We are being told to abide by ‘social distancing’, which is an appropriate strategy to stay physically healthy. However, for many people on this planet social isolation has disconnected them from interacting socially with others. This aloneness can greatly affect someone emotionally, psychologically as well physiologically. Aloneness can lead to hopelessness and helplessness for those who may have already been disconnected from human interactions.
It is so important that we all stay connected and interact with each other daily-either face-to-face (with some social distancing of course), video-feed or even with a phone call…and yes I still have a ‘land-line’ where I have been making calls to friends and family. In fact, I mentioned to them that I am calling from my house phone, which usually starts great conversation. Usually the response goes something like this. ‘You still have one of those? Man you are getting old!’ along with some laughter.
As I begin the process of shifting over to remote working I was listening to the radio and the song, from back in 1985, “We Are the World” came on. For those who were not even born at that time, it was song written by Michael Jackson and Lionel Richie to raise funds to support the continent of Africa during the famine. The words resonated in my head to the point that I felt I had to share with others. The lyrics include:
There comes a time…When we heed a certain call… When the world must come together as one…We are the world…We are the children…We are the ones who make a brighter day, so let’s start giving…There’s a choice we’re making…We’re saving our own lives…It’s true we’ll make a better day, just you and me.1
So what will a better day look like? I cannot recall ever completing a CANS on my family or myself. I did however use the concepts of CANS when I needed support after my both parents passed away within less than a month of each other eight years ago. At that point, I clearly identified many of my needs and outlined the strengths for which I needed to use or build for support.

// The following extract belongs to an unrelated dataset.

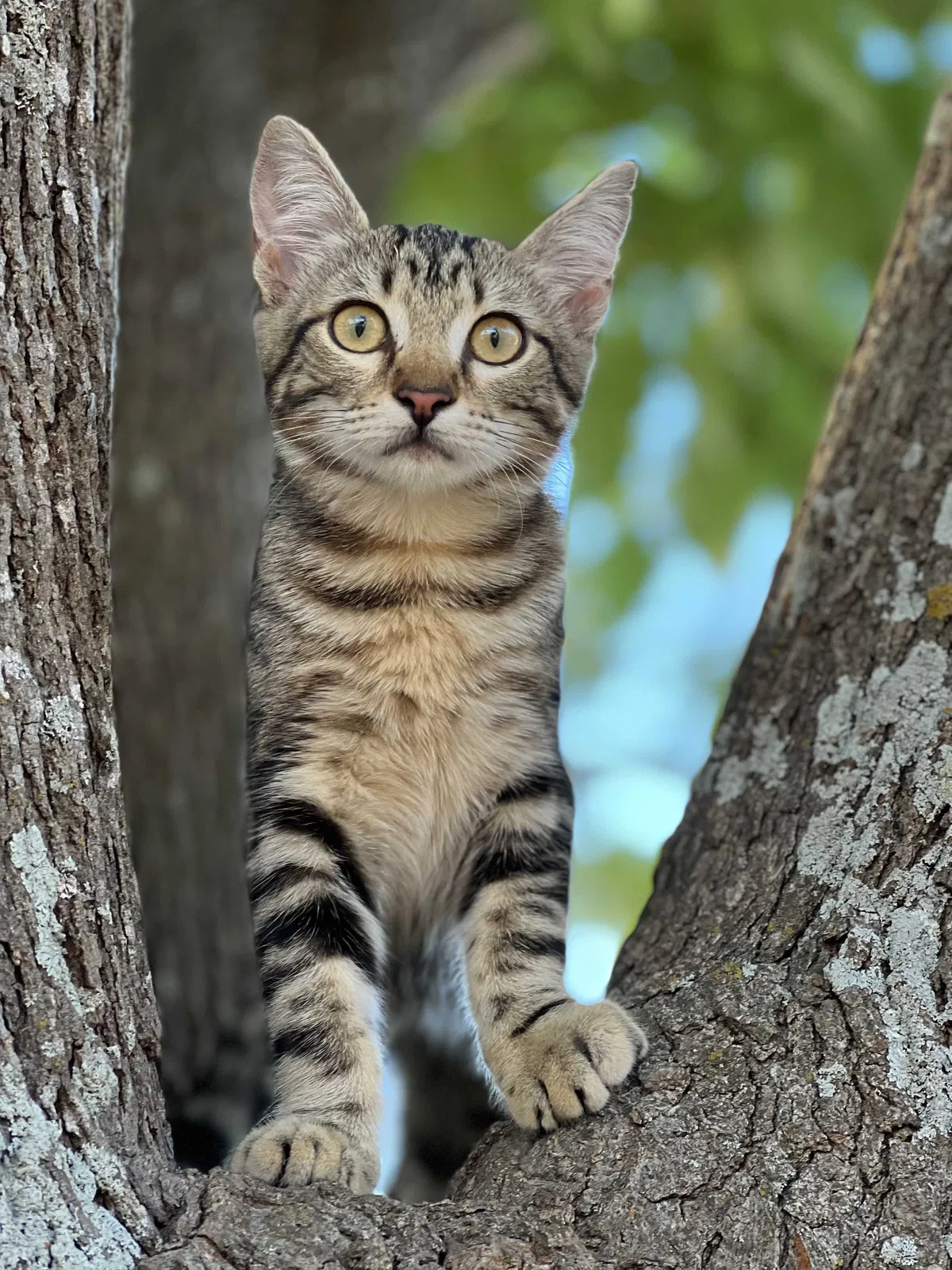 Lost cat in Driftwood, TX, 78619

This was one of those very stressful times. So it only made sense to me to complete the CANS-ANSA…I expected to see some needs, but when I saw how many actionable ratings of ‘2’ and ‘3’ were given in the various categories it truly surprised me: Life Domain (social functioning, recreational, sleep); Behavioral Health (Anxiety, Adjustment to Trauma); Strengths (social connectedness, optimism, community connection).
Now that I have a better sense of my needs (strengths to build), I can begin action planning in moving closer to fully answering the question…What will a better day look like? This is the start to my step-by-step (or day-by-day) transformational plan that will not only positively affect me but others such as my family, friends and co-workers.
My enduring hope and reason for writing this was to get everyone to take time in reevaluating their lives, setting prioritizes and always remembering that we are all connected through our shared experiences…even when those experiences are not positive ones. What will your better day look like?